You’ve got to feel for the President’s loyal pal, Don Evans, whose colossal bureaucracy oversees everything from the health of the atmosphere to the well-being of the airwaves.

Days after White House chief economist Greg Mankiw did a Bobby McFerrin number on overseas outsourcing (with a mea culpa for an encore), Evans appeared before a House appropriations subcommittee. Even before being asked to defend proposed cuts to tech and manufacturing programs, Evans sat obediently while Rep. Frank Wolfe (R-Va.) launched into a rant on why China’s suspect human-rights record must be part of a debate otherwise dominated by the United States’ $125 billion trade deficit with China and China’s inflexible currency regime.

Evans got more of the same last week during an appearance before a GOP-controlled Senate appropriations panel.

In an election year, it is of little consequence that Evans could, if he chose, boast of big strides U.S. wireless firms are making in China (not withstanding the U.S.-Sino Wi-Fi security standard spat). It matters little that the White House is working to secure spectrum for third-generation wireless systems, since layoffs always trump grand, inside-the-Beltway policy initiatives.

Meantime, the Bush administration is under pressure from wireless and high-tech sectors to dissuade China and South Korea from mandating technical rules that discriminate against vendors from the U.S. and elsewhere. But that’s USTR’s problem, not Evans’.

Adding a new manufacturing czar at the Department of Commerce is unlikely to do the trick for Evans. The only thing that matters is that stinging 2.7 million figure, the number of private-sector jobs lost since Bush became president. It doesn’t play well on either side of the aisle when, combined with a $500 billion budget deficit and a $500 billion trade imbalance, all that’s left is thankless jobless recovery.

It could be worse for Evans. The former Texas businessman is a master at defusing lawmakers’ angst with his low-key folksy, straight-talking style.

Actually it does get worse.

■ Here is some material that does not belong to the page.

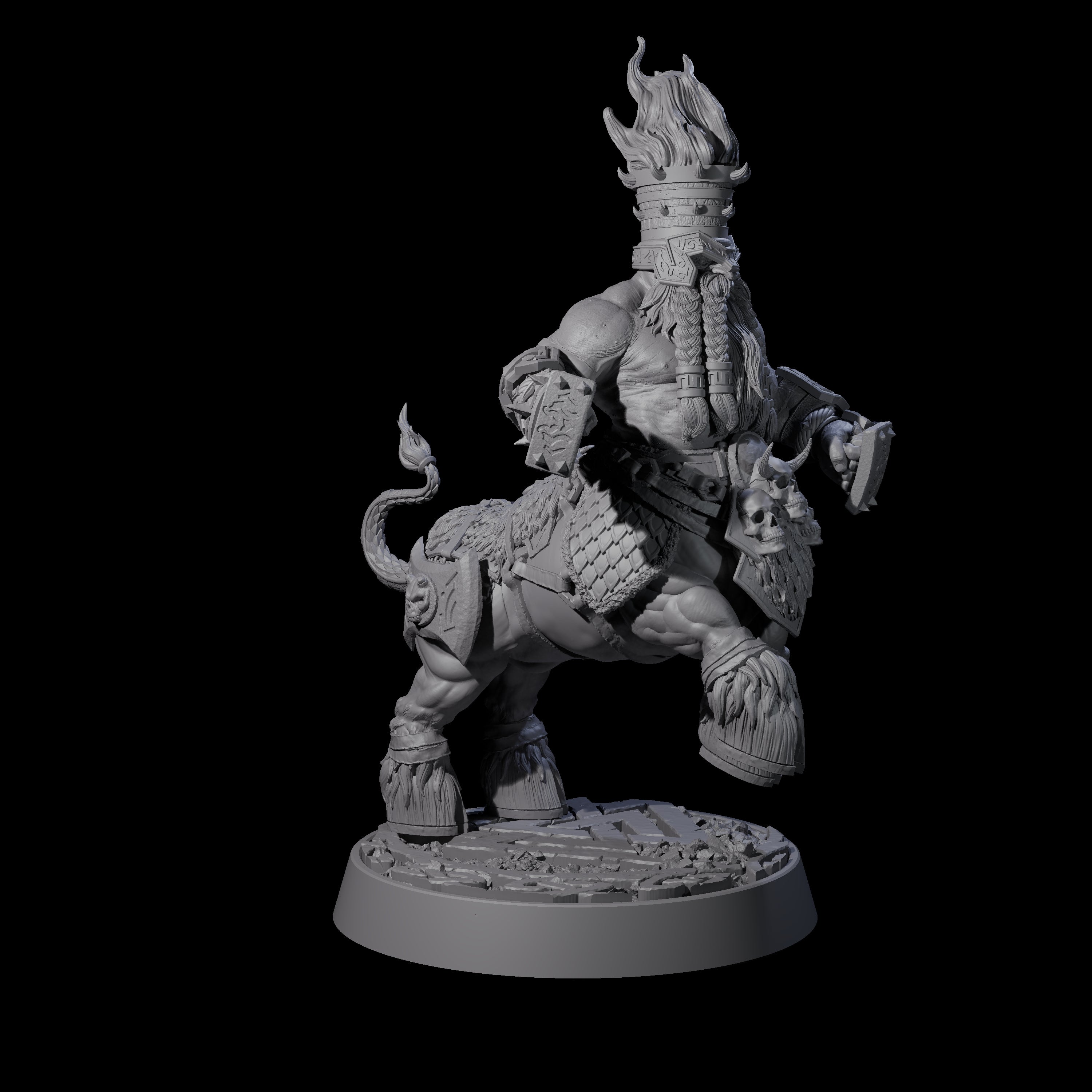 Death Paladin Dwarf Centaur B Miniature for Dungeons and Dragons, Pathfinder or other TTRPGs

At the White House, a nasty debate has ignited on the Bush administration’s lack of a broadband policy. It is a major-league food fight between conservatives that was started by Democrats. It all began after Sen. John Kerry (D-Mass.)-Bush’s opponent this November-Sen. Hillary Rodham Clinton (D-N.Y.) and seven other Dems urged Bush in a Jan. 16 letter to craft a national policy on broadband services.

The missive triggered a slew of letters, with conservatives bashing each other on how to respond to America’s ranking behind South Korea, the Netherlands, Denmark and others in broadband penetration.

But all the back-and-forth is pure folly, since we know-with Super Tuesday’s ruling by the D.C. Circuit as further proof-that the Supreme Court has ultimate province over broadband policy. It is heady stuff, just the kind of issue Justice Scalia might find makes for good conversation on his next hunting trip.